Story vines are colourful pieces of art, intended to help tell a story without written words — and this week, a group of Winnipeg teachers learned how to use them to bring Indigenous culture into their classrooms.
"They actually come from Africa, where they've used vines to create stories," said Renee McGurry. She led the recent workshop for about 15 Winnipeg teachers, who got crafty at the community arts space ArtsJunktion and learned how to create story vines.
McGurry, who now works with the Treaty Commission of Manitoba, began utilizing story vines in classrooms about 10 years ago. She retired a few years ago from the St. James-Assiniboia School Division, where she was the Indigenous education co-ordinator.
While they don't actually have their roots in Indigenous history, McGurry says they fit in well with oral traditions.

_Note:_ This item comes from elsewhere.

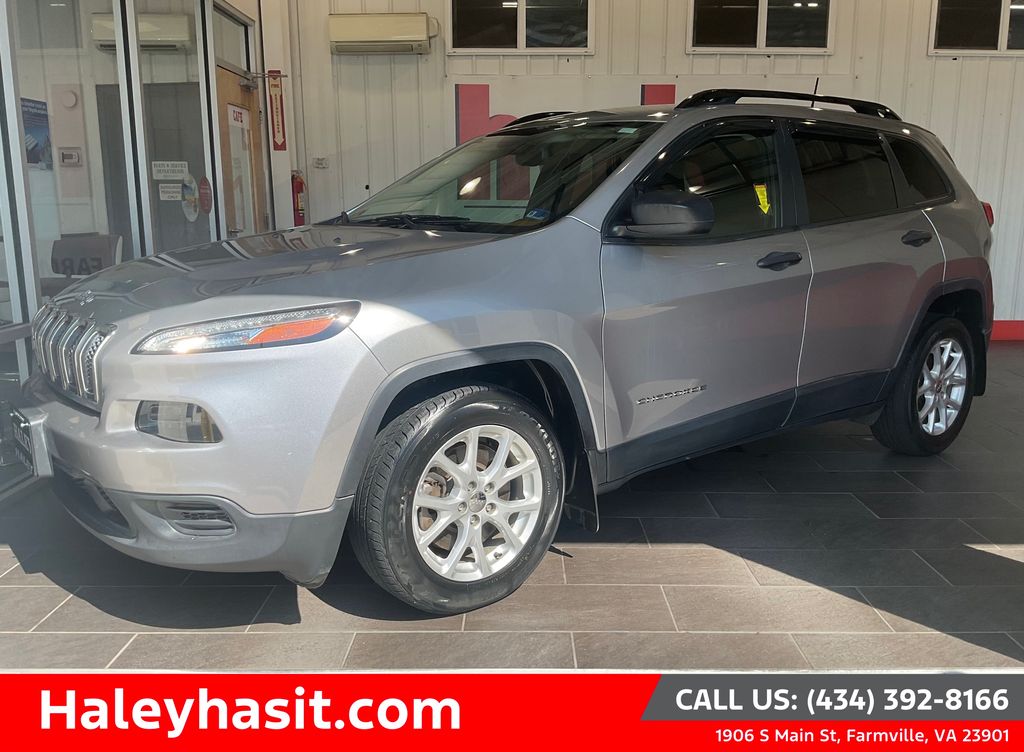 Billet Silver Metallic Clearcoat 2016 Jeep Cherokee SUV / Crossover Front-Wheel Drive 9-Speed Automatic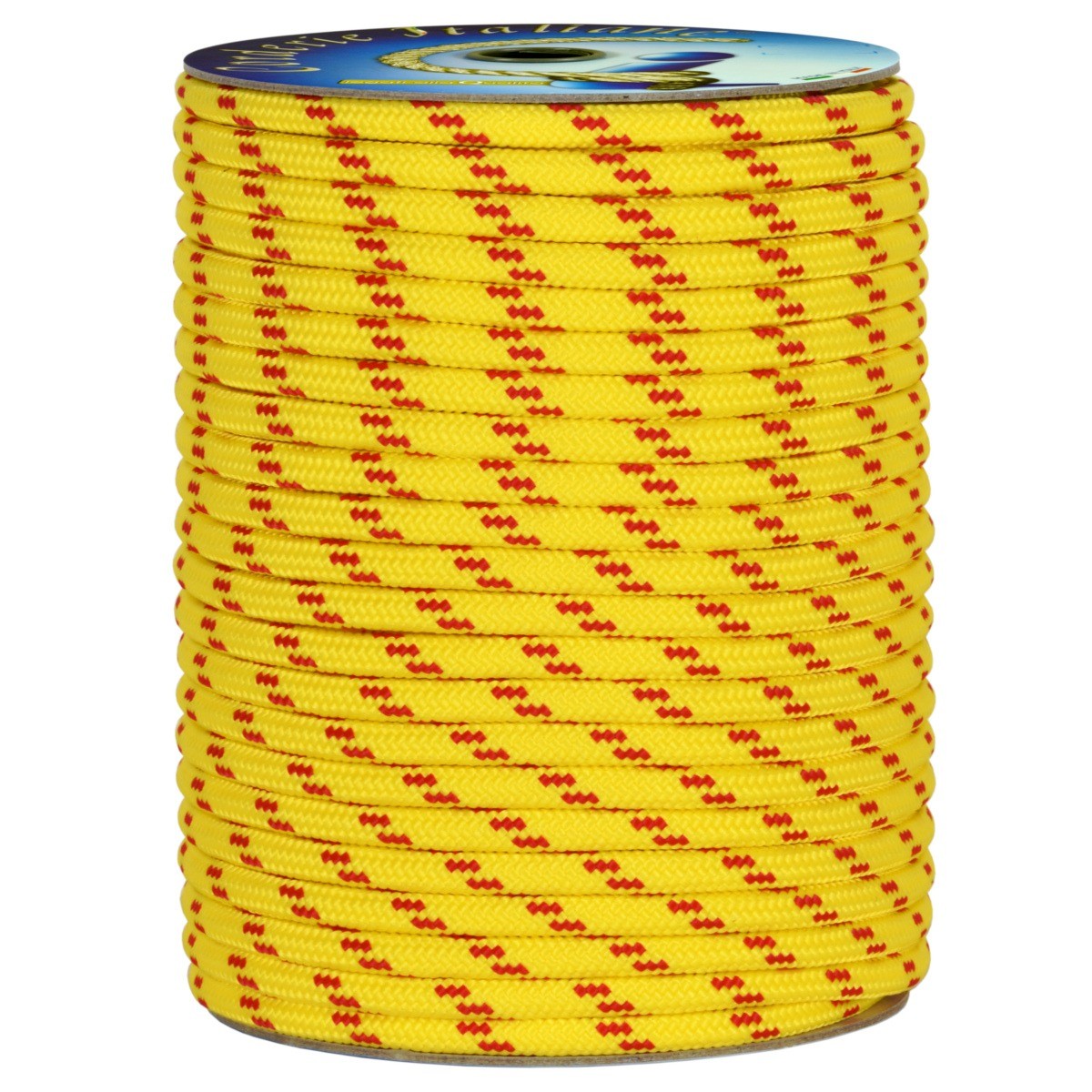 Corda Nautica Gialla 10mm x 20m | Treccia Alta Tenacità Galleggiante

"That's how information and knowledge and teachings were passed down … orally. So I thought this was a perfect way of sharing stories like that — the great flood or the creation stories — using the vines as a way of doing that."
For the workshop, which came out of a grant from Manitoba Education, attendees were given the Cree flood and creation story.

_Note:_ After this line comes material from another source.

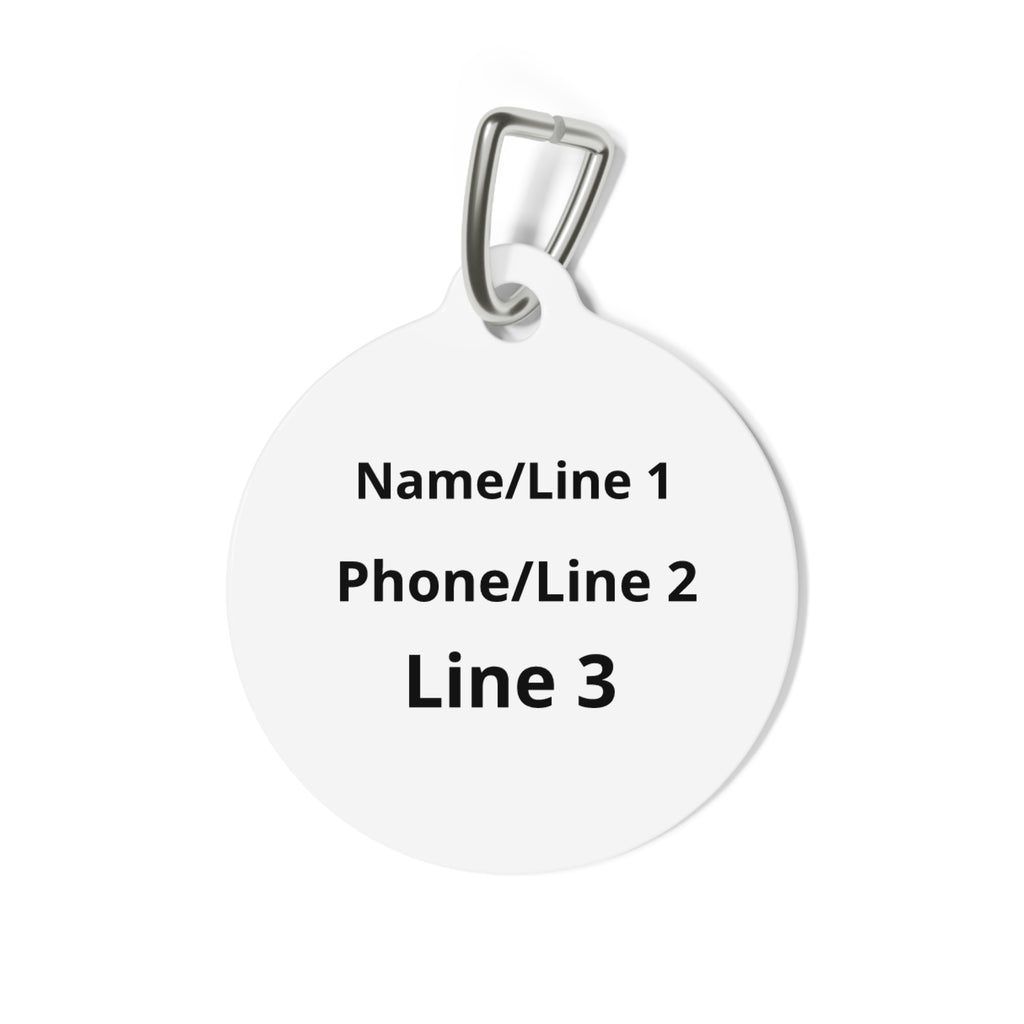 Clover Butterfly Meadow Wildflower Dog ID Tag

They used all kinds of art supplies — wool, paint, drawings, beads and pompoms, for example — to create their story points and build vines between a metre and two metres long.

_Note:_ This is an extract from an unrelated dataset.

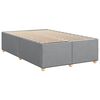 vidaXL Boxspring posteľ s matracom bledosiv&aacute; 120x190 cm l&aacute;tka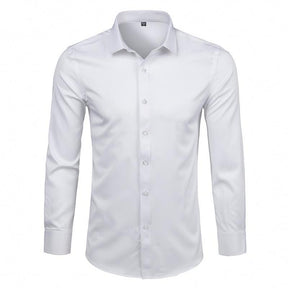 Camisa Social Lisa Conforto Anti Amassado Sport Fino Branco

Then, pieces were attached along the vine to serve as cues referring to the major elements in the story, allowing the storyteller to relate the story orally from memory, finding the major story points as they run their hands down the length of the vine.
Vivian Fogarty, one of the workshop attendees, created her vine from red, gold and brown pieces of fabric that she braided together to retell the creation story.
"I am going to put the turtle to represent Turtle Island — another name for North America — and then use the other animals, the otter and the muskrat, to try and show how they are going to go down deep and in the water to try and get the earth," Fogarty said.
Anne Mott made a vine to tell the same story, putting googly eyes on the brown furry animals she made.
Mott said she wanted to learn "how to incorporate some more Indigenous perspective into art teaching, and even across curricular activity that can be used with a lot of teachers and different grades across different subject areas."
Any kind of story can be told with a vine, McGurry says.
She has her own personal story vine for her life — one that tells the story of where she was born, her school years and her children. She keeps adding to the vine as her life progresses.
"Doing workshops like this is always nice," she said. "It's sharing my knowledge, my experience, and seeing how excited they are over the fact that they can do a project like this, and it's very easy to incorporate into your classroom."